Matt Segal and Will Stanhope heading back for Year #4 on TEMR
- Wednesday 8th July 2015
July 8th; 2015
In what has the measure of a Dawn Wall-esque project, Matt Segal and Will Stanhope are back in the Bugaboos in British Columbia for their latest stint trying to free-climb the Tom Egan Memorial Route on the East Face of Snowpatch Spire.
Segal and Stanhope working the Tom Egan Memorial Route. Photo National Geographic/Tim Kemple
It is their fourth year trying to climb the 1500-foot splitter (thin finger) crack and they’re hoping that it’ll be their last! Their attempt last year ground to a halt by high temps in July and the constant downpours during August. Neither climber is looking to quit the project having invested so much time and effort already but their desire to free-climb the Tom Egan is starting to look like it’s got more than a passing resemblance to Tommy Caldwell and Kevin Jorgeson’s Dawn Wall Project which captured the attention of the world’s media back in January.
Segal and Stanhope have been back in the Bugaboos since June and it’s clear that whilst they’ve had some success they’re also hitting problems. Posting on FB on July 2nd, Segal has been talking about their highs and lows:
“Big week in the Bugaboos filled with lots of ups and downs. This project is an emotional roller coaster, testing everything we've got. Progress is slow, it seems with every step forward we take two steps back.
This week in the mountains we endured some crazy electrical storms, the torment of bad conditions and the ill-fated moment of granite crumbling beneath my fingers (pitch still goes just a touch harder).
But on the bright side I made the team's best effort on the face pitch, only a few moves from sending and @willstanhope got the long awaited first ascent of the crux splitter pitch we call Blood on the Crack (5.14-).
Can't really complain!”
Matt Segal jumaring on the TEMR. Photo-Matt Segal Facebook
Whilst there are some similarities with Yosemite Valley, the Canadian Bugaboos are remote, wild and much more mountainous in their nature and appearance. The climbing season there is also much shorter – typically June to September. The climbing there requires commitment not only on the approaches and the routes but also against the elements as the weather in the Bugaboos can be heinous.

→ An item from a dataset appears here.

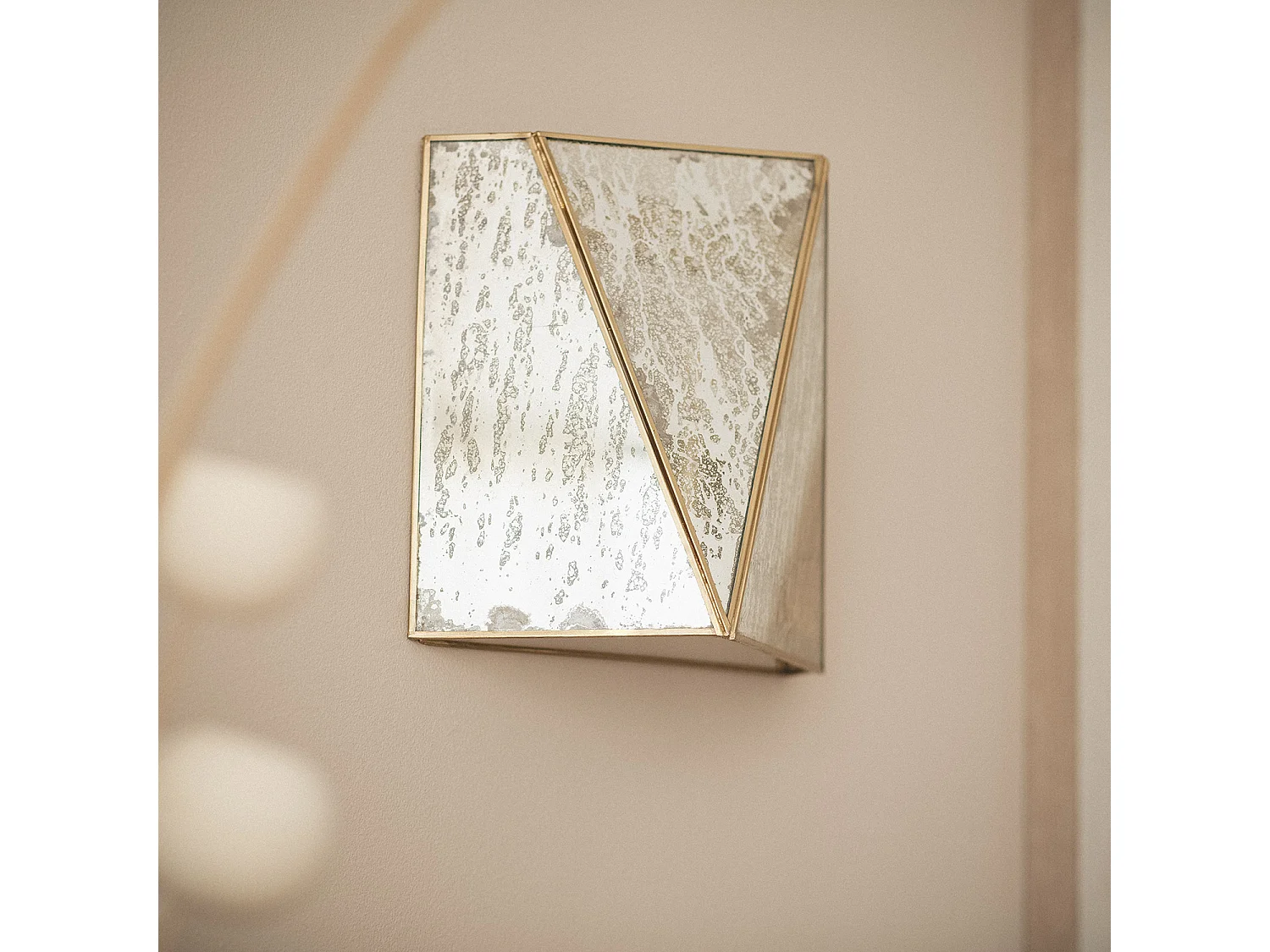 Aplique de Pared Metal Cristal Mattina ILUZZIA Dorado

Segal and Stanhope have hauled their summer supplies into the base of Snowpatch Tower for the last three years running. They climb all day and then descend back to camp at night. For the last three years they’ve been working the pitches – much like Caldwell and Jorgeson did on Dawn Wall. The initial pitch of the TEMR was a massive problem – a blank wall before they could get into the crack system proper. After considerable effort and investigation Segal and Stanhope found a line of micro-edges which they eventually managed to string together and free-climb at 5.14. The first crack pitch proper is another 5.14 pitch which is followed by two 5.13 pitches up a super thin finger crack.
If Segal and Stanhope succeed it’ll be their hardest route of their climbing careers which is clearly impressive considering that both Segal and Stanhope have CV’s which include repeats on routes like Cobra Crack – Sonnie Trotter 5.14b Squamish testpiece. Both climbers have spent some time in Spain over the winter working on their fitness. Tommy Cauldwell is impressed with the effort and commitment that Segal and Stanhope are showing; “I find the fact that they stick it out up there in a tent year after year incredibly inspiring. I think it is probably the first time that someone has taken on a multi-year big wall free climbing objective that is so far from a road. It takes a incredible resolve and toughness to endure this kind of project for so long. I find that kind of commitment admirable above all else in my fellow climbers.”